・分布 :群馬(妙義山)、埼玉(両神山)、山梨(三ッ峠山)
・生育地:亜高山上部の岩場や崖地。
・花期 :4~5月
・草丈(花茎):5~10cm
・名前の由来:妙義(ミョウギ)は自生地の妙義山から、小桜(コザクラ)は花がサクラソウ(桜草)に似ているが小さいことから妙義小桜(ミョウギコザクラ)となった。
・特徴 :根茎のある多年草。葉は根ぎわに集まってつき、数個の葉を束生する。葉柄は3~10cm、花茎とともにちぢれた軟毛が生える。葉身は両面に軟毛が生え、円形~腎円形で、開花時期は径1.5~4cm、
果実期は5~7cmと大きくなる。葉の基部は心形、葉縁はごく浅く裂け、歯牙があまり目立たない。葉の間から5~10cmの花茎を伸ばし1~5個の花を散形につける。苞は披針形。萼は半ばまで5裂し裂片は披針形で
5~8㎜。花冠は紅紫色で花喉部は淡橙黄色、高杯形で径1.8~2.5cm、筒部は長さ8~10㎜。花は2型花柱性を示す。果実は長楕円形の蒴果。
妙義山は奇岩、怪石が林立する名勝で耶馬渓、寒霞渓とともに日本三奇勝に数えられている。亜高山帯の山でミョウギイワザクラは標高約1000mほどの凝灰角礫岩や溶岩・凝灰角礫岩層からなる
岩峰・岩尾根の岩肌にコケ類やイワヒバ、スゲ類などと共に生育している。
シラガゴケ類の中に根茎を下ろして、複数の花茎を伸ばし、紅紫色の可憐な花を咲かせている。
花の近接画像。少し前まで霧がかかっていたため、花冠に水滴が見られる。
花茎は長さ5~10cmで、開出毛が生えている。
断崖の斜面に群生しているミョウギイワザクラ。開花したばかりの株で、まだ葉が小さいため褐色のコケ類を背景に紅紫色の花がひきたって見える。左下にはイワヒバがある。
ミョウギイワザクラの花は2型花柱性で、この花は花喉の葯より外に花柱が伸びていない短花柱花である。
大きな岩峰の下の急斜面に生育している個体。1000mほどの尾根部であり、春の訪れが遅く他の植物に先駆けて、花を咲かせている。
花を含めても草丈5cmほどの小さな個体。花茎に2個の花をつけ、1個はまだ蕾である。

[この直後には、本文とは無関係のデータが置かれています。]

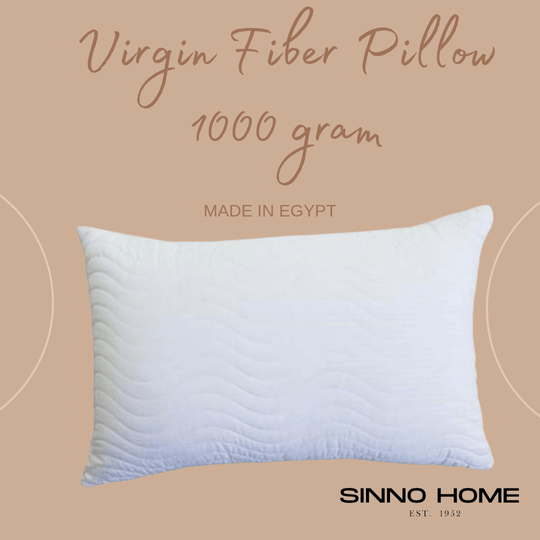 Pillow Virigin Fiber 1000 Gram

2型花柱性の長花柱花で、花喉から花柱がのびて先の柱頭が見える。この株は生育環境がよいのか、多数の花をつけ、花冠も大きく華やかである。
花冠は紅紫色で花喉部は淡橙黄色、高杯形で径1.8~2.5cm、筒部は長さ8~10㎜。花筒の濃紅紫色の条線がよく目立つ。

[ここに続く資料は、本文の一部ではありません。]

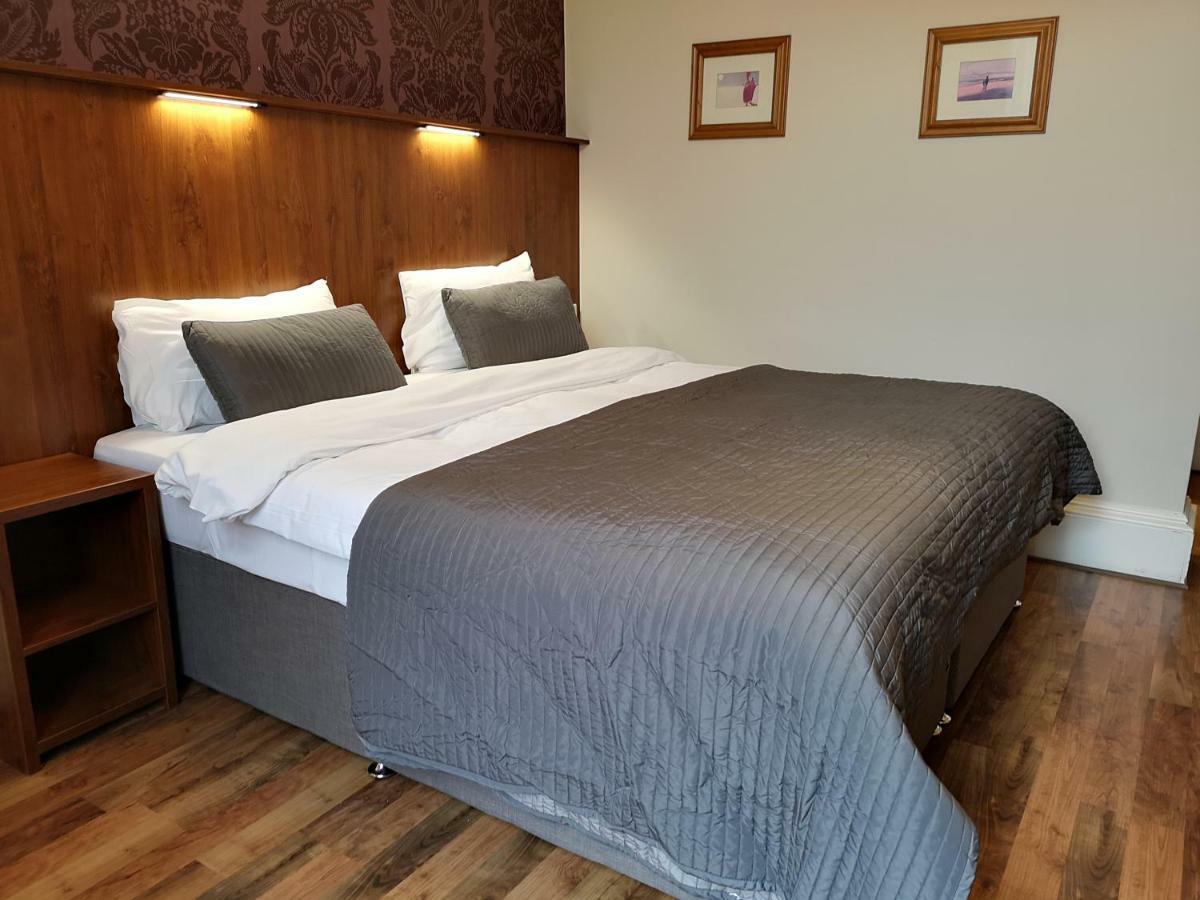 Dene Guest House, New Town เอดินบะระ ภายนอก รูปภาพ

垂直の崖地のコケ類の中に根茎を下ろした株から水平に花茎を伸ばしているが、花の重みで下を向いている。下方からの訪花昆虫にアピールしているようである。
また、花茎の先の披針形の苞があり花柄が出ている。
葉は根ぎわに集まってつき、数個の葉を束生する。葉柄は3~10cm、花茎とともにちぢれた軟毛が生える。葉身は両面に軟毛が生え、円形~腎円形で、開花時期は径1.5~4cm、
果実期は5~7cmと大きくなる。
生育している環境によって、1つの花茎につく花の数や花の大きさに差があるようで、この個体は花茎に1個の小さめの花しかつけておらず、あまり良い環境ではないようである。
観賞的には自然度たっぷりであいらしい。
崖地のコケの中に根茎を下ろし、コケに埋もれたように見える個体。上部にはこれから咲こうとする2個の蕾をつけた花茎が1個見える。

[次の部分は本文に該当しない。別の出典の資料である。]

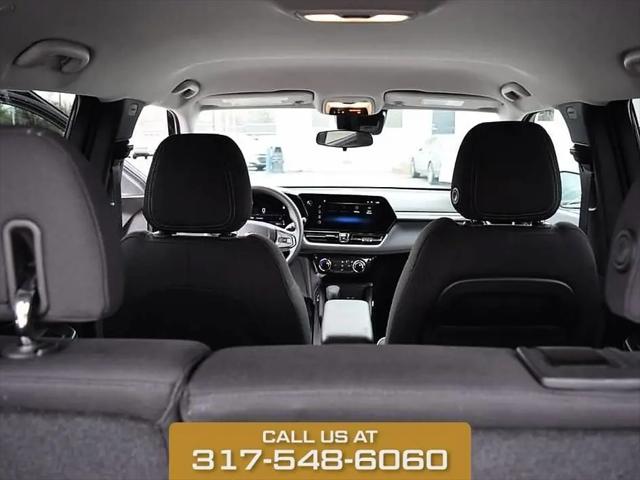 2024 Chevrolet TrailBlazer AWD LT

雑感:妙義山は岩峰や岩尾根と切り立った断崖の水墨画的な風景の山で、その岩峰の岩肌に生育するミョウギコザクラはまさに高嶺の花である。
また、矮小な植物のミョウギコザクラが生育できる湿気と明るさのある岩峰の岩肌は限られており、そんな崖地で可憐な紅紫色の花を見ると生存のためのたくましさも感じられる。